The meltdown was followed by what looks like recovery, as bargain hunters sniff around in search of undervalued shares – of which there are likely more than a few.
Your super account undoubtedly took a hit, not least because Australian retirement funds are more exposed to the share market than most. When the S&P ASX 200 fell 40% between March 2008 and 2009, most of us had no choice but to go along for the ride. It was a long way down from the dizzying heights of November 2007.
Australian superannuation funds as a whole lost $160 billion between December 2007 and June 2009, in part because the average "balanced portfolio" – where most Australian super money is held – is mostly shares.
A lot of that loss has been made up by now, as long your super account has had time to recover.
The median superannuation growth fund gained 9.8% in value in financial year 2014–15 according to rating company Chant West. And most super funds have delivered positive returns for the last six years in a row.
Retirement risk zone
How much financial pain the latest share market conniptions will bring to bear depends on how close you are to retirement. If you'll need to access your super account soon, you'll generally take a bigger hit from this than younger employees.
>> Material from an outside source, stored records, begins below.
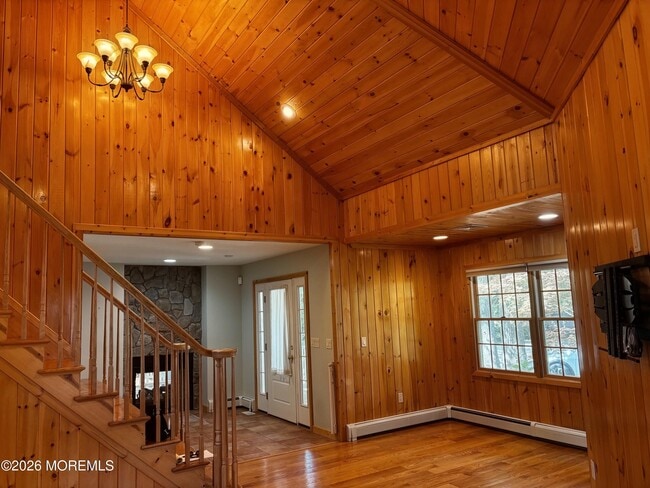 327 Deerfoot Ln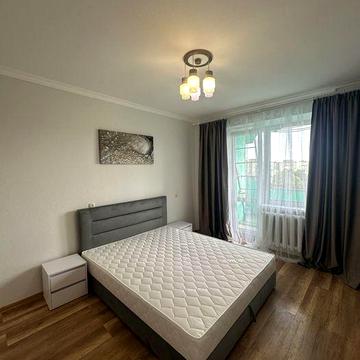 Продам 3-кімнатну квартиру з ремонтгм . 12 школа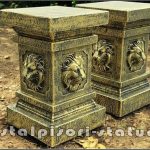 Soclu, stativ, cap de leu, auriu patinat, model S84.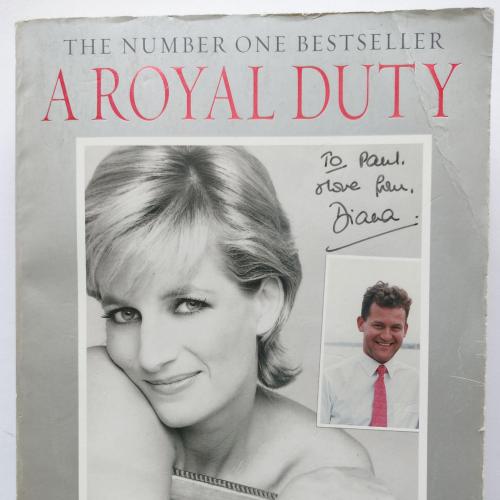 Paul Burrell. A Royal Duty. Diana, Princess of Wales.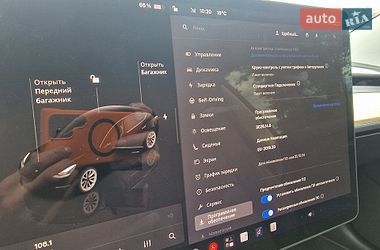 Седан Tesla Model 3 2022 в Черкасах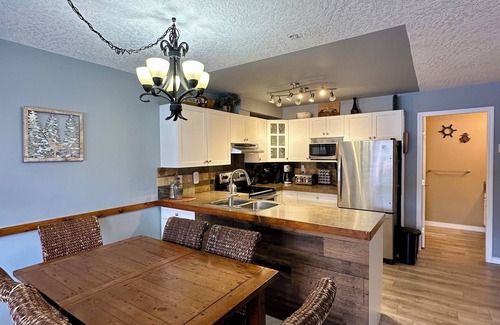 Courtenay Condo | Cozy condo on Mt Washington. Ski, bike, and hike the resort near Comox Valley.
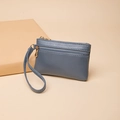 Mini porte-monnaie bleu à double fermeture éclair en cuir grainé avec dragonne pratique - 12.5cm*8cm / Bleu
An earlier CHOICE investigation into the effects of the GFC on super accounts focused on the "retirement risk zone" – about five years before and after retirement – when your super account is particularly vulnerable to dramatic market downturns.
A 10% drop in share markets worldwide translates, roughly, into a 5% decline in your super account. And global share markets have dropped about 10% since May this year. So it's all a matter of how long it takes to make up the lost 5%.
Are you well allocated?
As any good financial adviser will tell you, superannuation is a long-term investment. But it's always a good idea for older employees to keep an eye on the short term and talk to their super fund manager about asset allocation – especially in this brave new world of global financial interconnectedness.
Australian super funds had the highest exposure to share markets among all OECD countries during the GFC and, then as now, very few Australian super funds significantly reduce exposure to the share markets while shifting from accumulation to the drawdown/pension phase.
Our earlier investigation revealed that the average proportion of super invested in equities drops from about 74% to 67% as account holders approach retirement. Were the Australian share market to lose $64 billion and not make it back up for years, 67% exposure would probably be too much.
How to play it safe if you're near retirement
Playing it safe in the retirement risk zone means talking to your fund manager about re-allocating toward fixed-interest products such as bonds or term deposits.
At a minimum, review the level of risk in your account and discuss safer options with your fund manager, whether or not you end up deciding that it's time to reduce risk.